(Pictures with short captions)
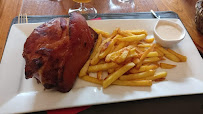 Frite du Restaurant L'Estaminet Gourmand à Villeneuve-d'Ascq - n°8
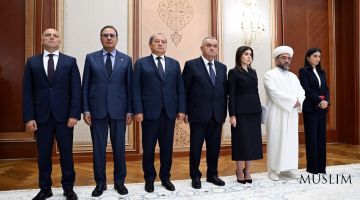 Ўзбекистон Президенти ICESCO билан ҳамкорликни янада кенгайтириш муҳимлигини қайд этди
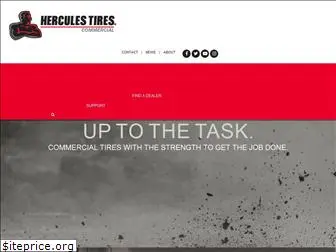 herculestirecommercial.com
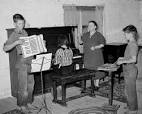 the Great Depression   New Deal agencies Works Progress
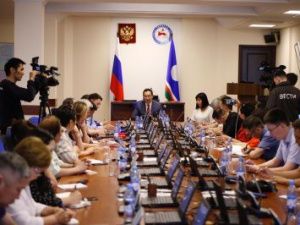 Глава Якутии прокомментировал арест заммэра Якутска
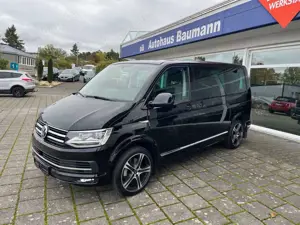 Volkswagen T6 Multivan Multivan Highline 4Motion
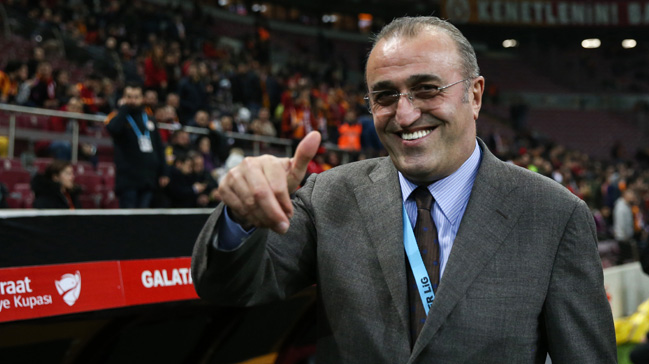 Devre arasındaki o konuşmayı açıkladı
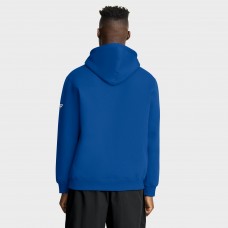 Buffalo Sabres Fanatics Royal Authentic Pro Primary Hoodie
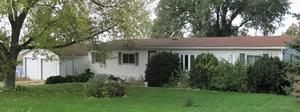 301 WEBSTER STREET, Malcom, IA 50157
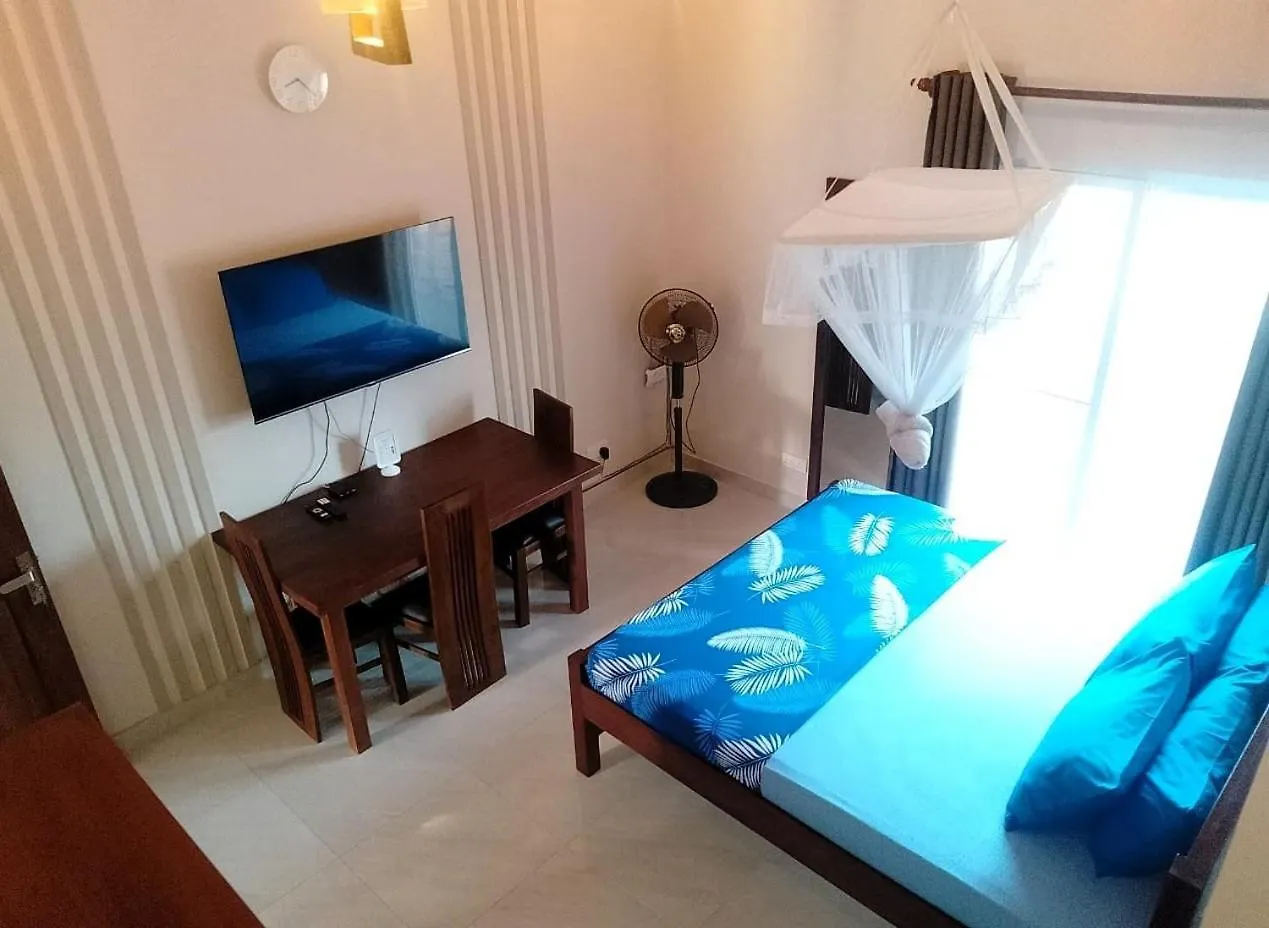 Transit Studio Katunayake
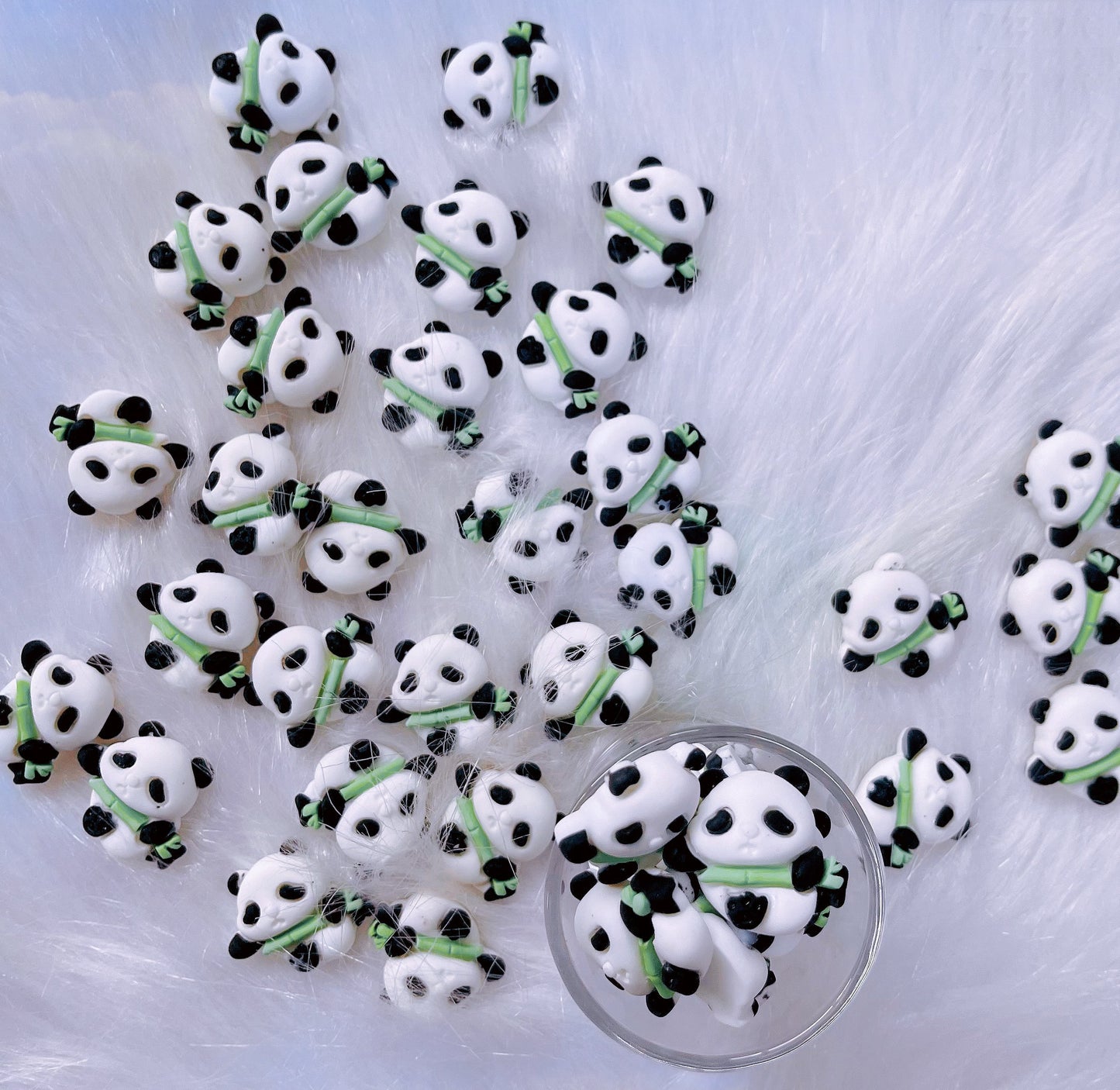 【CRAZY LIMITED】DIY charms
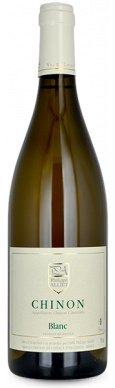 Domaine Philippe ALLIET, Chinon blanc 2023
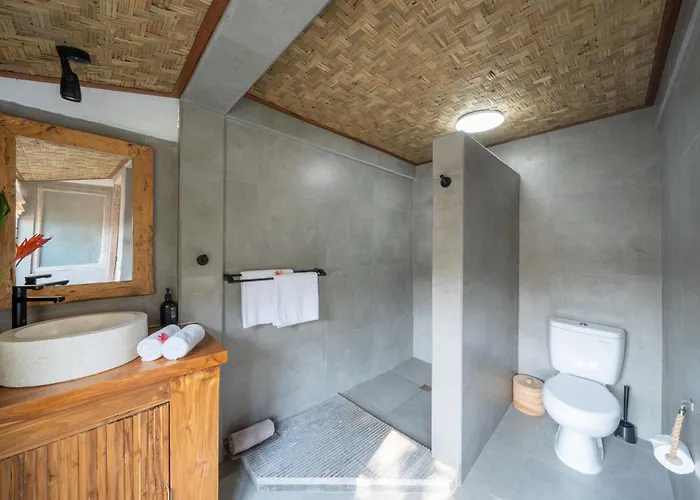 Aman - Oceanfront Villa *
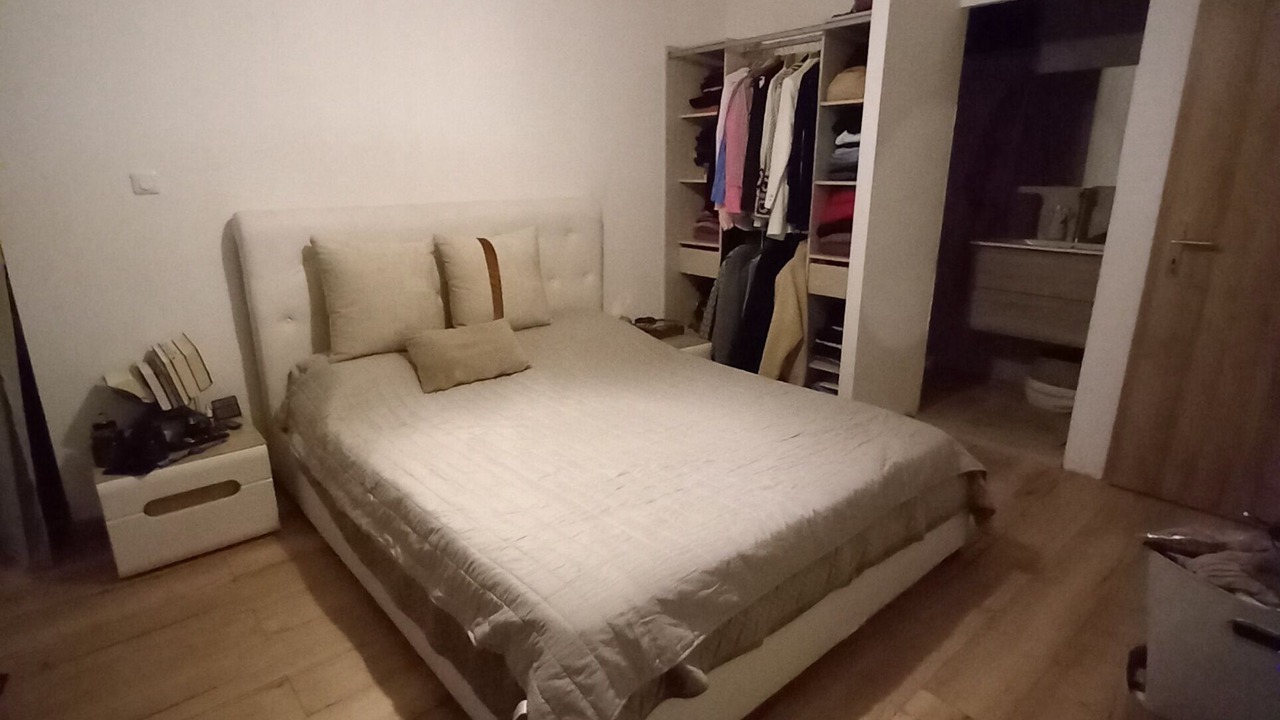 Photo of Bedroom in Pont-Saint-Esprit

EXERCISE DESCRIPTION >> Your copy of the data should match it exactly, apart from the images, which are omitted.

REPLY >>
 Frite du Restaurant L'Estaminet Gourmand à Villeneuve-d'Ascq - n°8
 Ўзбекистон Президенти ICESCO билан ҳамкорликни янада кенгайтириш муҳимлигини қайд этди
 herculestirecommercial.com
 the Great Depression   New Deal agencies Works Progress
 Глава Якутии прокомментировал арест заммэра Якутска
 Volkswagen T6 Multivan Multivan Highline 4Motion
 Devre arasındaki o konuşmayı açıkladı
 Buffalo Sabres Fanatics Royal Authentic Pro Primary Hoodie
 301 WEBSTER STREET, Malcom, IA 50157
 Transit Studio Katunayake
 【CRAZY LIMITED】DIY charms
 Domaine Philippe ALLIET, Chinon blanc 2023
 Aman - Oceanfront Villa *
 Photo of Bedroom in Pont-Saint-Esprit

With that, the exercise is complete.